§ COLLECTED DATA:
*** Begin section ***

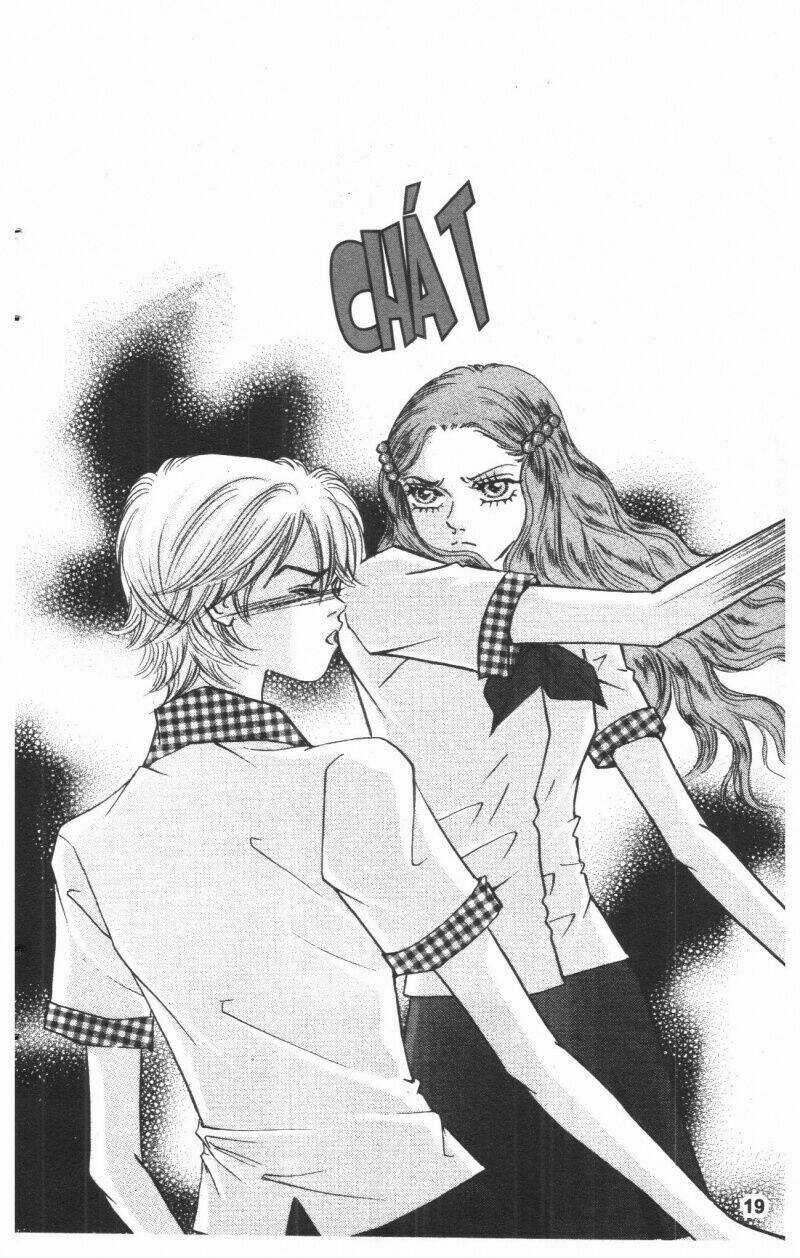 Ô La La Trớ Trêu Chapter 7 trang 19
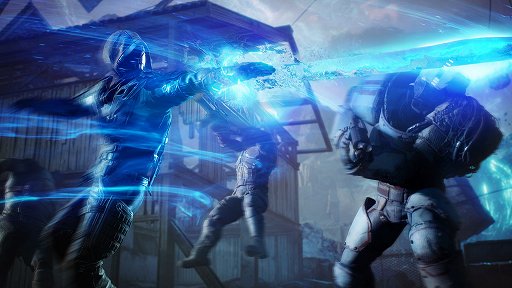 画像ギャラリー No.004のサムネイル画像 / ［TGS 2020］Co-opシューター「OUTRIDERS」プレイレポート。炎のスキルでガンガン敵を倒していくパイロマンサーが爽快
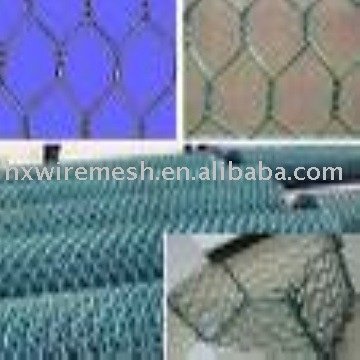 PVC Hexagonal Netting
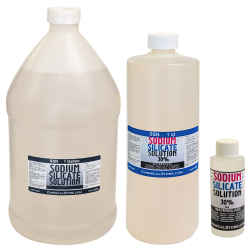 Liquid Sodium Silicate (Water Glass)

*** End section ***

§ ASSIGNMENT: The expected output is exactly the lines from the one containing "画像ギャラリー No.004のサムネイル画像 /" through the last line of the listing, both included, with every picture left out.

§ ANSWER TO THIS EXERCISE:
 画像ギャラリー No.004のサムネイル画像 / ［TGS 2020］Co-opシューター「OUTRIDERS」プレイレポート。炎のスキルでガンガン敵を倒していくパイロマンサーが爽快
 PVC Hexagonal Netting
 Liquid Sodium Silicate (Water Glass)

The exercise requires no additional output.